第905章 被吸干的尸体(2/2)

一些尸体周围的草地上,确实可以看到一掌宽的半透明黏液干涸的痕迹,好像是什么不知名的巨大软体动物爬行过后留下的路径,那些黏液在阳光下闪烁着油腻而诡异的光泽。

胡承亮戴着手套蹲下身,小心地翻动一头牦牛的尸体。尸体非常轻,仿佛骨头里都是空心的。他检查着巨大的伤口边缘,眉头紧锁道:“没有撕咬痕迹也没有爪痕,这伤口好像是被某种强酸液体腐蚀过,然后又被吸干了。”

涂玉拿出便携设备采集那些黏液和伤口周围的样本,又拍了几张照片。
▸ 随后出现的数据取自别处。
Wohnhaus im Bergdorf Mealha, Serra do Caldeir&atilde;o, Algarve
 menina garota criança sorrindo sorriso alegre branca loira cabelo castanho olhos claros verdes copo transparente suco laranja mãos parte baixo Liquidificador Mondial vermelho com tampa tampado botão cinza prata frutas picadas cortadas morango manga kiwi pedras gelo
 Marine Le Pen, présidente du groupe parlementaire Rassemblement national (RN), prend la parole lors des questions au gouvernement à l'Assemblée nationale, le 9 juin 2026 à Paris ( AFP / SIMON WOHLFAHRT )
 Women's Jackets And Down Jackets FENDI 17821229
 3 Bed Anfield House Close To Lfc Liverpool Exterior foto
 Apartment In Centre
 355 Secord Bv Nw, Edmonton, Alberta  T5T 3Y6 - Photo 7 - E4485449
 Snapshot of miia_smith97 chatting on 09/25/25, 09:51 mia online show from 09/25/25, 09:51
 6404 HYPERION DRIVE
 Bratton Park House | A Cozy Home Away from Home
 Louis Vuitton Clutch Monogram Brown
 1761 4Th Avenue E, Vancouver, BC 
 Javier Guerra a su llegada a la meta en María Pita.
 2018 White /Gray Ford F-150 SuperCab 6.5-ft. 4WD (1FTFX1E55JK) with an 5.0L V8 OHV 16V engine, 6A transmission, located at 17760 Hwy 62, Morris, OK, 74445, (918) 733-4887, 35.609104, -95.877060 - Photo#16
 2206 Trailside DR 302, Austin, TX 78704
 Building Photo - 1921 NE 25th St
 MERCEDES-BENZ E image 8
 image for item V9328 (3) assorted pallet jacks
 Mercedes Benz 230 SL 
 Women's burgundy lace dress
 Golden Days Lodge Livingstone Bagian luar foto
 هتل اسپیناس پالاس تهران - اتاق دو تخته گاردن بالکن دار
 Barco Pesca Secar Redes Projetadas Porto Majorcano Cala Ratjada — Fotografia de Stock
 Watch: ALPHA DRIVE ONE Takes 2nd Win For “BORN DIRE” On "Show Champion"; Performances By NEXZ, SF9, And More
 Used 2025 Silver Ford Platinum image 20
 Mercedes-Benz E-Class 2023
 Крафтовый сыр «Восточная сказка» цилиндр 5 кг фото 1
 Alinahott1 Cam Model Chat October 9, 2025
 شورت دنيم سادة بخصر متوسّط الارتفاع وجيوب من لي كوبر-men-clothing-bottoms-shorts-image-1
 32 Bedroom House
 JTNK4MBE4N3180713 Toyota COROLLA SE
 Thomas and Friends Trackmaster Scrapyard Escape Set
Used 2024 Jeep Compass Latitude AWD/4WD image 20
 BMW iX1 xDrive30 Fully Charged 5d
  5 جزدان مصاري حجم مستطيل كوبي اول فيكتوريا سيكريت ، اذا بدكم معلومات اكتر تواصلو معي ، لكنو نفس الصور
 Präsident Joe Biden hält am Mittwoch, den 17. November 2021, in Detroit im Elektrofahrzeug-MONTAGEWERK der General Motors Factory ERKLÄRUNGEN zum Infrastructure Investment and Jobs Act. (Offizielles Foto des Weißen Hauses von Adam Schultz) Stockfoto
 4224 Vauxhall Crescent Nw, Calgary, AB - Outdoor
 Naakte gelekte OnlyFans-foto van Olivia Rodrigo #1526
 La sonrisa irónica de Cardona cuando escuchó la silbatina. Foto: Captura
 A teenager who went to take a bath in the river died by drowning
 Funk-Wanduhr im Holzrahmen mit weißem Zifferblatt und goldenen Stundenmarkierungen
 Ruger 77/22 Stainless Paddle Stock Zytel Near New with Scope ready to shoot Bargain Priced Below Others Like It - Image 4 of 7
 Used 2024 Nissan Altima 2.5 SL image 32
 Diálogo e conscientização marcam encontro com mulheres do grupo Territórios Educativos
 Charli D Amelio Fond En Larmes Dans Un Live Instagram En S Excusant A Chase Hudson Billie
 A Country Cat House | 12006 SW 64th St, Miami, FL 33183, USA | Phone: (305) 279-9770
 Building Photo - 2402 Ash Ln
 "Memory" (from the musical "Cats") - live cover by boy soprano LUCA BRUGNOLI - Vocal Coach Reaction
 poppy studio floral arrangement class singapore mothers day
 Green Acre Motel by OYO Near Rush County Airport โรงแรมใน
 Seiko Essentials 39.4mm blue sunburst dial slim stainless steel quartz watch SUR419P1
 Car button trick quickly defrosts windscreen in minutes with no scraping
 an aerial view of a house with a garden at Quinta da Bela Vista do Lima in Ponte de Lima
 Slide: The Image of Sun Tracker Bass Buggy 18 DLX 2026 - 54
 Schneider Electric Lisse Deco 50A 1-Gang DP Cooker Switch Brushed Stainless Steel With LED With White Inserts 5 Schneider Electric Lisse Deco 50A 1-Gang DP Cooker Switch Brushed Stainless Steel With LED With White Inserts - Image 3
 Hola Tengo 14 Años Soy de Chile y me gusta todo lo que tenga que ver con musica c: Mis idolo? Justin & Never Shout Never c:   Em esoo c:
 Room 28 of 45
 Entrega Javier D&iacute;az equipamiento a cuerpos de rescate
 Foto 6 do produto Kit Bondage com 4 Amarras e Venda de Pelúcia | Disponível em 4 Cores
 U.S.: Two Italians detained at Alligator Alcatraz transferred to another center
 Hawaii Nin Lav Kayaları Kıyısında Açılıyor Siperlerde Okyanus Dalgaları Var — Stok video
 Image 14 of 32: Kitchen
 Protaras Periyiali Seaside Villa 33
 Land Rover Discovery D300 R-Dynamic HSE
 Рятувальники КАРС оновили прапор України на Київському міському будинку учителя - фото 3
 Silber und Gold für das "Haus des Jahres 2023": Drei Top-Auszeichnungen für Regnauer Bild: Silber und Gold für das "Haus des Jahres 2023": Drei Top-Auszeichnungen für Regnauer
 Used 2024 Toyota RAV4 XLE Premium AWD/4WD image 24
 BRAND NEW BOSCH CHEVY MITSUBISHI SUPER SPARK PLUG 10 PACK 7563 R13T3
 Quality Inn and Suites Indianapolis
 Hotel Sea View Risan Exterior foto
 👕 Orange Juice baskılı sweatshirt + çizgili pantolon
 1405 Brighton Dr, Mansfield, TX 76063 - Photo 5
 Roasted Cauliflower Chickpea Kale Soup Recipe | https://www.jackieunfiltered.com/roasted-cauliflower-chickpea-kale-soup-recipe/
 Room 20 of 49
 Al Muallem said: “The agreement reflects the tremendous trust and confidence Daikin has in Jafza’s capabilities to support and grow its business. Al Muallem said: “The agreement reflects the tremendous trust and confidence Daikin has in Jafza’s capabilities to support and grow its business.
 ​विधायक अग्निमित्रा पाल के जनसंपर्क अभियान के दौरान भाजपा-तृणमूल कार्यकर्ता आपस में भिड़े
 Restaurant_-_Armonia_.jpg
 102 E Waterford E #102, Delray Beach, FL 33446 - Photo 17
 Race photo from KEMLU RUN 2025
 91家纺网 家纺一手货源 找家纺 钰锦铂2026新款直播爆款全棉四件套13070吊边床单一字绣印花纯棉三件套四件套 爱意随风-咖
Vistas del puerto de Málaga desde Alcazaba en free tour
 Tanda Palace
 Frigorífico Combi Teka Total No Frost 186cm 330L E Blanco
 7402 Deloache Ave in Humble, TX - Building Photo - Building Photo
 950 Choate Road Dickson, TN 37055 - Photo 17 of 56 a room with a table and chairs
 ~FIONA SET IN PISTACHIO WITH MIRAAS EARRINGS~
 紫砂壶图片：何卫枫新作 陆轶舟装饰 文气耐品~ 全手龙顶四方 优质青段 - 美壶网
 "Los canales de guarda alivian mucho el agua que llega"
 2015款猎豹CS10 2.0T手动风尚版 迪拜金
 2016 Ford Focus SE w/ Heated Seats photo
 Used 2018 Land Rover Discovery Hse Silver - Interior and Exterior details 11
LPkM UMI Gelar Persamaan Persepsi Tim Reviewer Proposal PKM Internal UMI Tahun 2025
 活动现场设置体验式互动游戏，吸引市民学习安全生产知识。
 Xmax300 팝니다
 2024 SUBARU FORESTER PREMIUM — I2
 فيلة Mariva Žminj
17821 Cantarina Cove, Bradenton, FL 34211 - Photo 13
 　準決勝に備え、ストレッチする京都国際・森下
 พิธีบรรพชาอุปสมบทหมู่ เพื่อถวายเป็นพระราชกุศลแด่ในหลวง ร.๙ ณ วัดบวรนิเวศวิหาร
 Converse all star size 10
她的表情同样凝重,“能量残留检测显示尸体上有微弱的非已知生物谱系的生物痕迹,但是很微弱,但确实存在。”

洛雨薇和姚寅笙警惕地巡视着四周,这片洼地安静得可怕,连常见的虫鸣鸟叫都没有,只有风吹过草叶的沙沙声,更添几分死寂。

姚寅笙没有靠近尸体,她站在稍远的地方闭目凝神。一股浓烈的,带着绝望和恐惧的死亡气息在空气中弥漫,但这并非灵魂的怨念,而是生命被强行掠夺后残留的死气。而在那浓烈的死气深处,她捕捉到一丝异常冰冷、贪婪、来自亘古蛮荒的邪气残留。那意识充满了对生命能量的渴望,像一个永远都填不满的深渊。睁开眼,她的目光投向草原更深处,那里是真言武尸体被发现的方向。

牛羊的死状已经足够诡异,但绝非盗猎或已知猛兽所为,而真言武的死恐怕也与这潜藏在草原深处的贪婪脱不了干系。村长闪烁其辞和那晶一家对盗猎结论的异常坚持,这是乌兰哈达嘎查平静表面下的涌动暗流,恐怕比草原上无形的杀机更加复杂,也更加危险。

在现场记录下几张照片后姚寅笙就让调查组回去了,夜色如墨,沉沉地笼罩着乌兰哈达嘎查。白日的喧嚣与悲愤都被这无边的黑暗吞噬,只留下偶尔几声犬吠和风吹过蒙古包发出的呜咽声响。调查组成员被安排在空置的招待所休息,奔波和初步调查带来的疲惫让众人很快陷入沉睡,只有此起彼伏的呼吸声在寂静中回荡。

姚寅笙和调查组成员并未入睡,四人来到姚寅笙房间,而姚寅笙则盘膝坐在简陋的床铺上。白日里村长的闪烁其辞,那晶和她三个哥哥对盗猎结论异常坚定的态度,他们眼神中那不容置疑的强势都像一根根细小的刺扎在她眼里。官方渠道的调查显然受到当地地头蛇无形的阻碍,要想尽快触及真相,看来只能用那招了。

子时将至,阴气最盛。姚寅笙起身,在房间中央,她用随身携带的朱砂混合着指尖血,在地面勾勒出一个简易的招魂阵法。她没有点燃香烛,只是双手掐诀,口中默念秘咒,将一丝精纯的意念投向那虚无缥缈的生死界限。